(Given information):
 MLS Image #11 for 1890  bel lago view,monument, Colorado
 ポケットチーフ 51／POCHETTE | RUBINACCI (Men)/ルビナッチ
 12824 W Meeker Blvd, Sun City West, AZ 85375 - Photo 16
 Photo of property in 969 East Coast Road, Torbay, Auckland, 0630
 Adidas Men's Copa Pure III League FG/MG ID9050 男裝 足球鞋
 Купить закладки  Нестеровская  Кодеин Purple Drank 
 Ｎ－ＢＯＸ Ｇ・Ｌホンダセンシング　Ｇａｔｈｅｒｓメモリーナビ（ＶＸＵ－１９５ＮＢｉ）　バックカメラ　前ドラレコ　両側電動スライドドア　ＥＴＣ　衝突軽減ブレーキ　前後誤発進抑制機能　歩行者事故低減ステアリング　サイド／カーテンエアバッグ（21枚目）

* * *

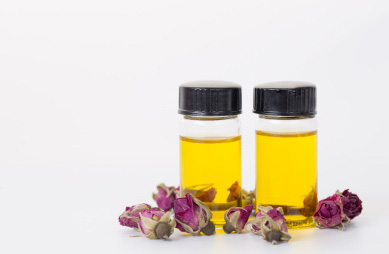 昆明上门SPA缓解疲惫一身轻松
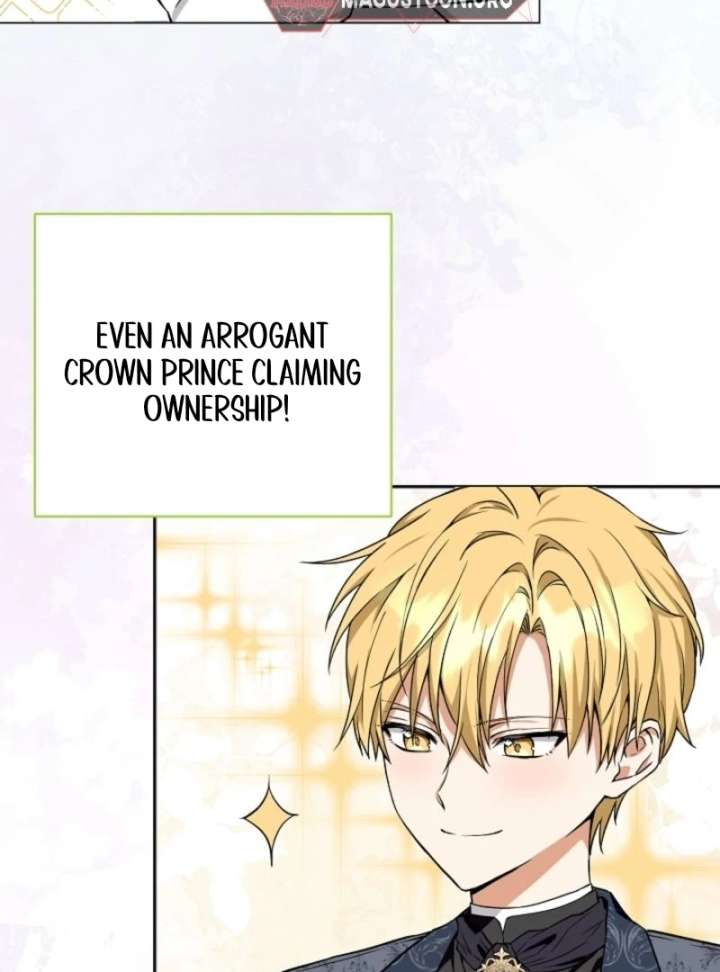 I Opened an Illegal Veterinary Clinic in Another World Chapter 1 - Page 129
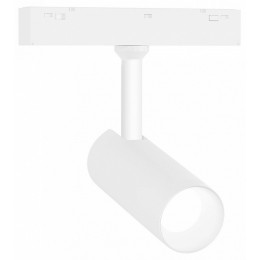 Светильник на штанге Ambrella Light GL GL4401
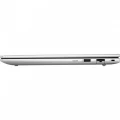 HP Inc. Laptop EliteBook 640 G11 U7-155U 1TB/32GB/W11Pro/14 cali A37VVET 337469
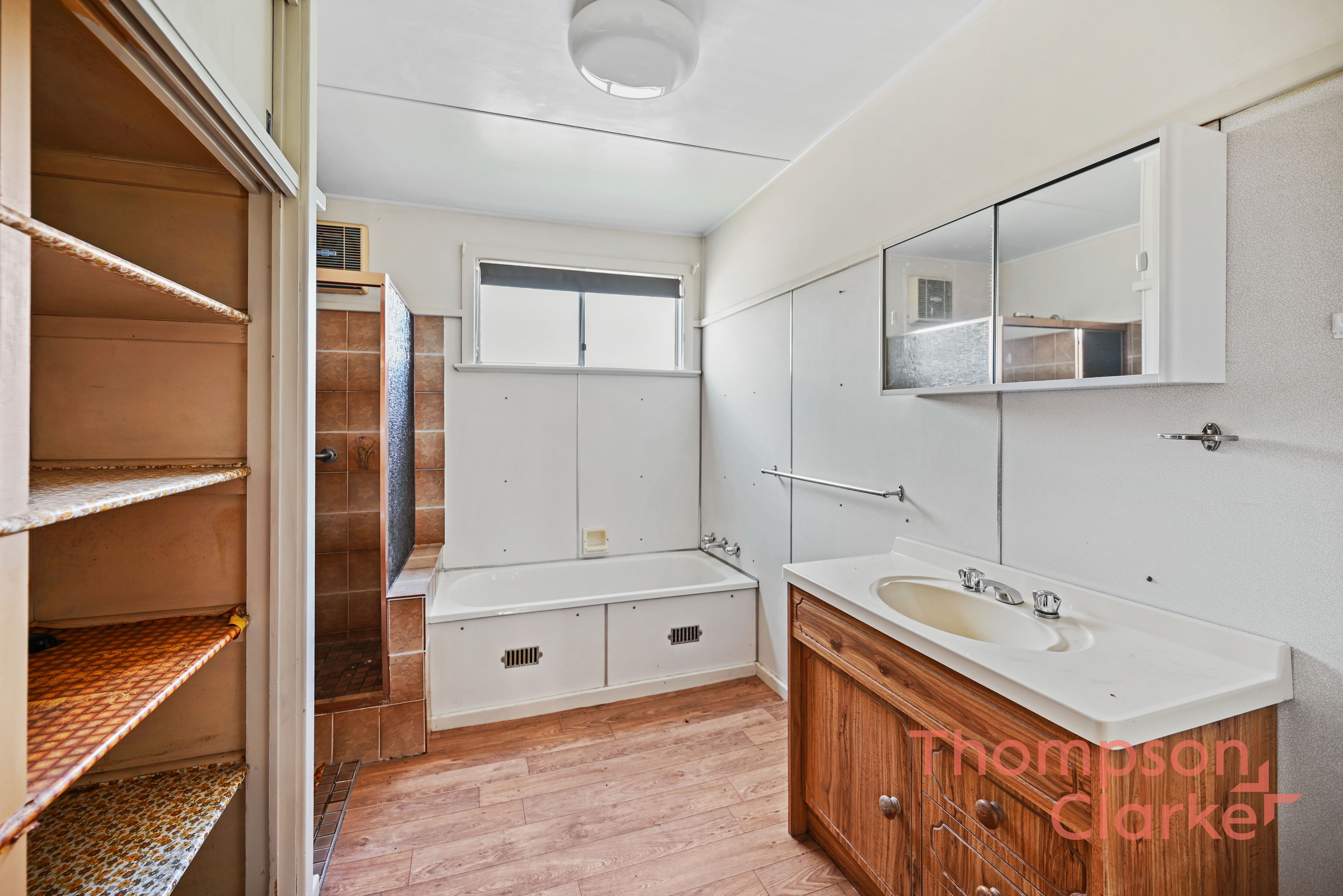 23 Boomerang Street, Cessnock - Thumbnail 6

(Work instructions): Go through the listing above and write out exactly the lines starting with the one holding "Adidas Men's Copa" and running through the one holding "Ｎ－ＢＯＸ Ｇ・Ｌホンダセン", ends included, and no others.

(Solution for this task):
 Adidas Men's Copa Pure III League FG/MG ID9050 男裝 足球鞋
 Купить закладки  Нестеровская  Кодеин Purple Drank 
 Ｎ－ＢＯＸ Ｇ・Ｌホンダセンシング　Ｇａｔｈｅｒｓメモリーナビ（ＶＸＵ－１９５ＮＢｉ）　バックカメラ　前ドラレコ　両側電動スライドドア　ＥＴＣ　衝突軽減ブレーキ　前後誤発進抑制機能　歩行者事故低減ステアリング　サイド／カーテンエアバッグ（21枚目）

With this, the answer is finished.